[Short web captions]
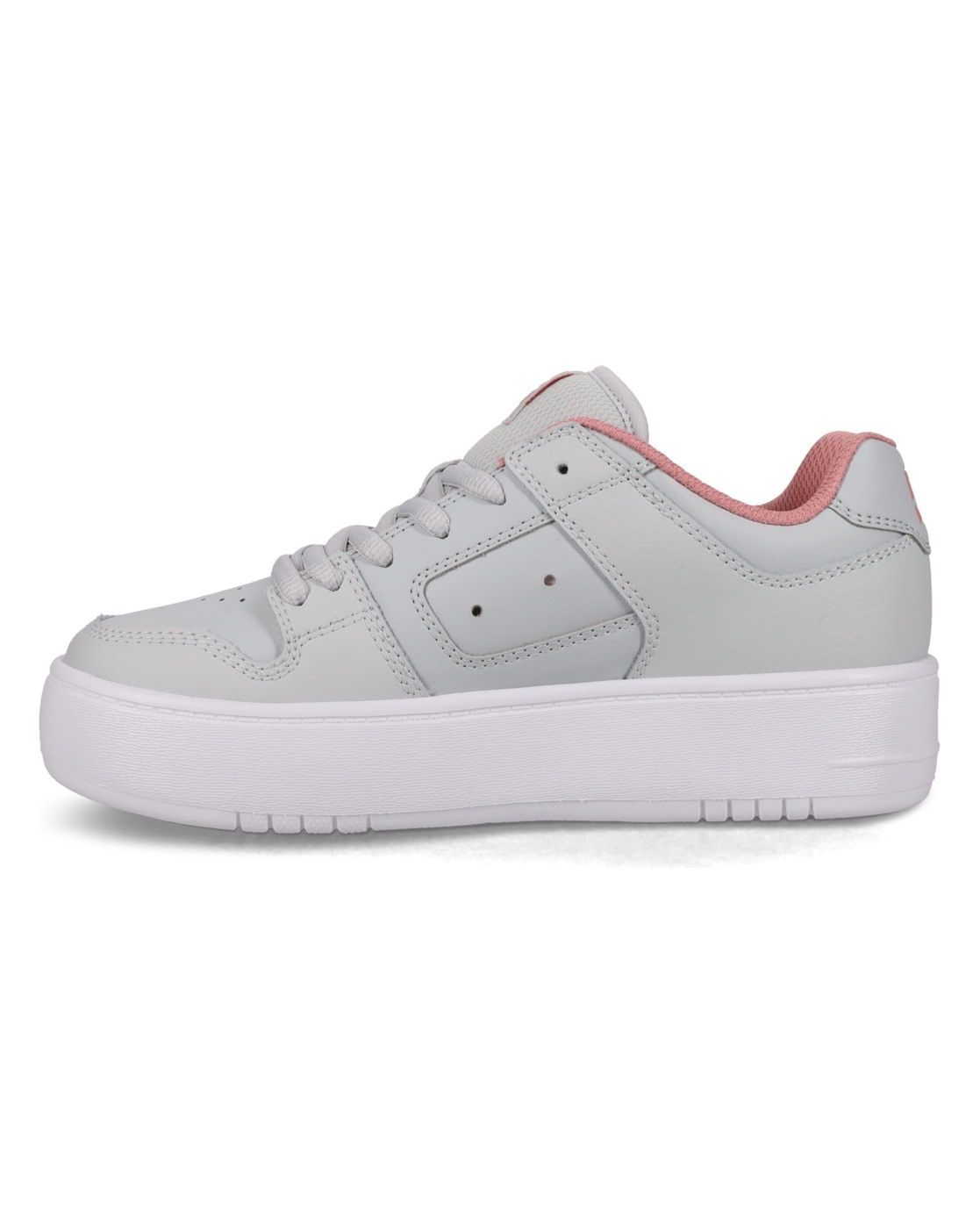 DC Shoes Sneaker »Manteca 4 Platform«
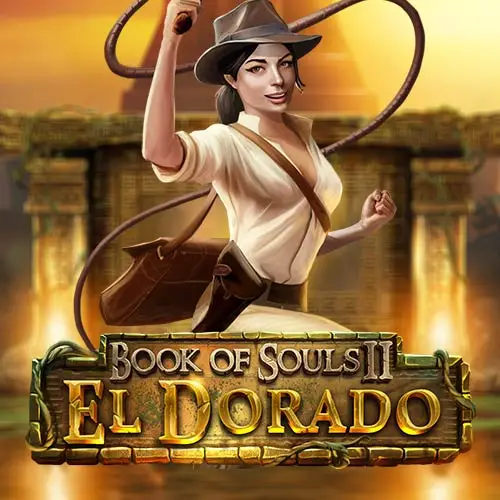 Book of Souls II El Dorado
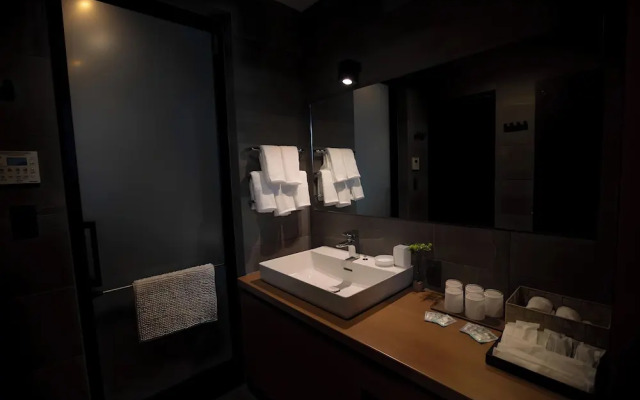 Hotel Sengokuhara533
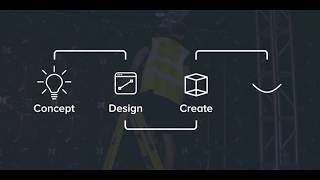 Event Tech Live 2019 | Immersive AV ITR Stand Video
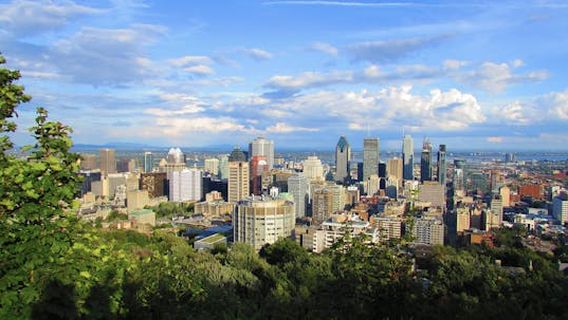 MontrealTours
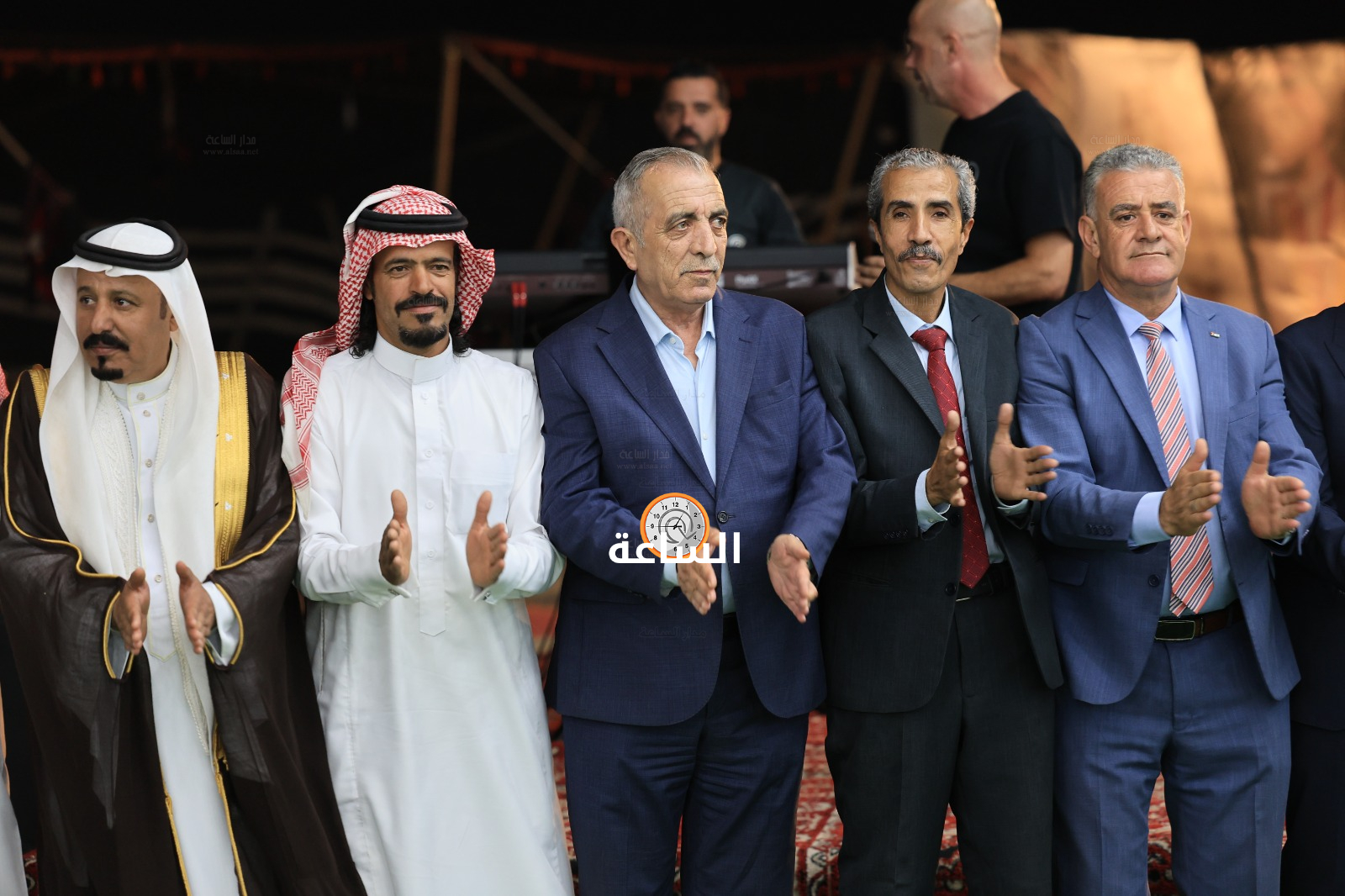Madar Al-Saa Images 0.582463768729514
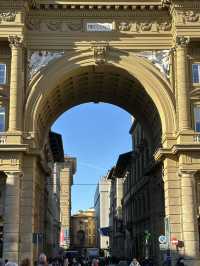 City Of Lilies: Where The Renaissance Never Ended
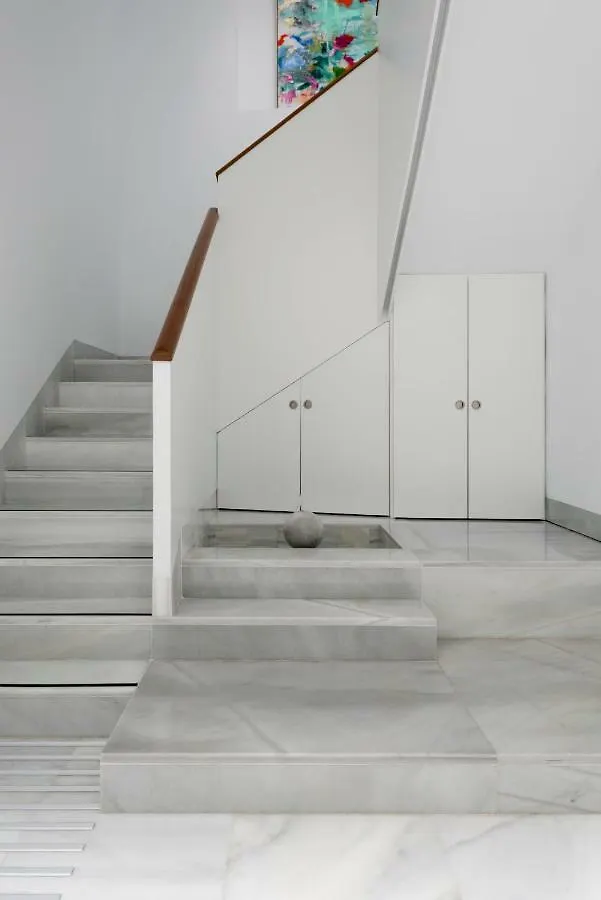 Apartamento La casa del Lagar 10 Sevilla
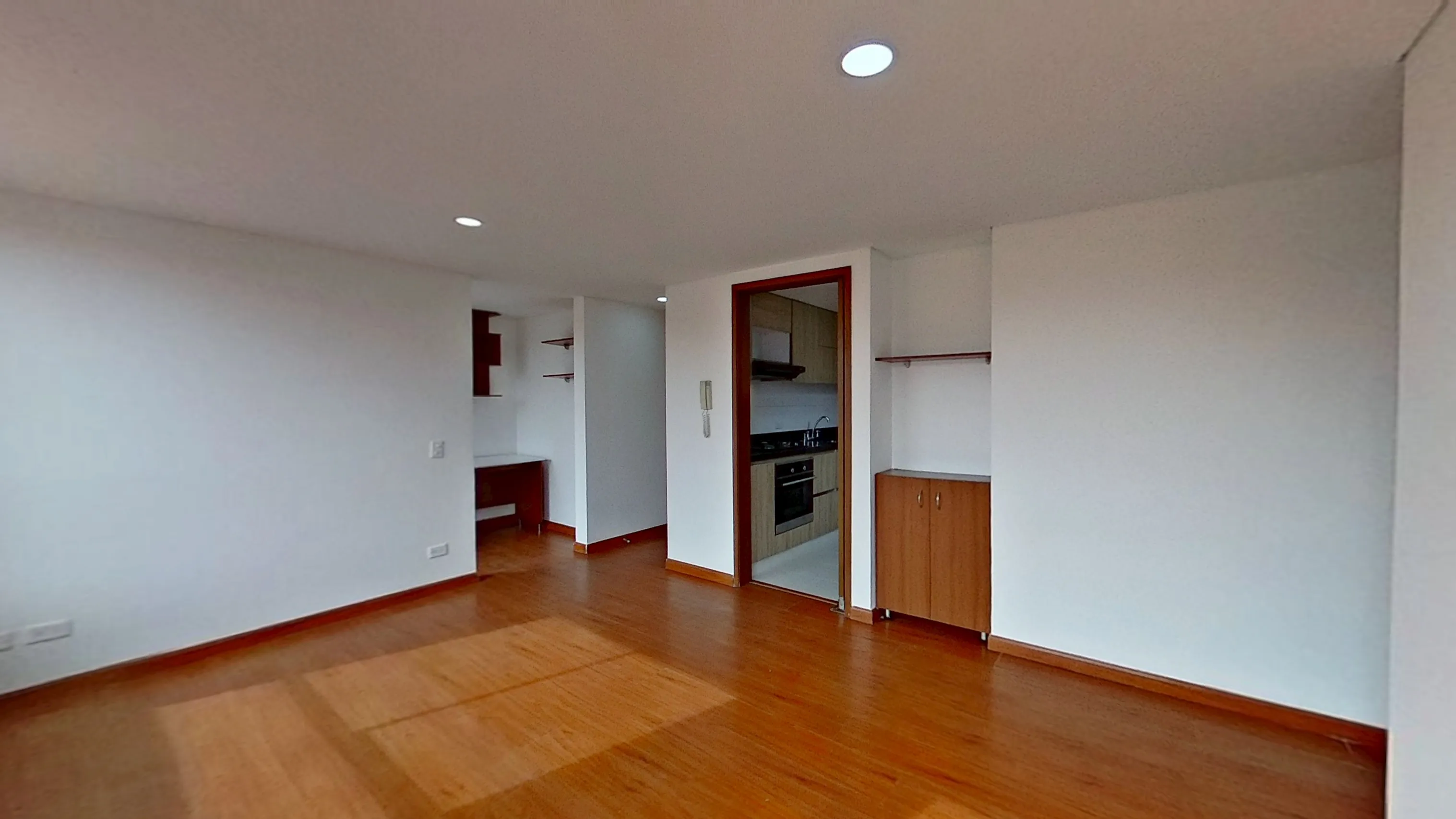 Apartamento en Toledo foto 3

WHAT TO PRODUCE:
Print, exactly as written, the lines above from the first one to the one containing "City Of Lilies: Where". Leave out pictures.

EXERCISE SOLUTION:
 DC Shoes Sneaker »Manteca 4 Platform«
 Book of Souls II El Dorado
 Hotel Sengokuhara533
 Event Tech Live 2019 | Immersive AV ITR Stand Video
 MontrealTours
Madar Al-Saa Images 0.582463768729514
 City Of Lilies: Where The Renaissance Never Ended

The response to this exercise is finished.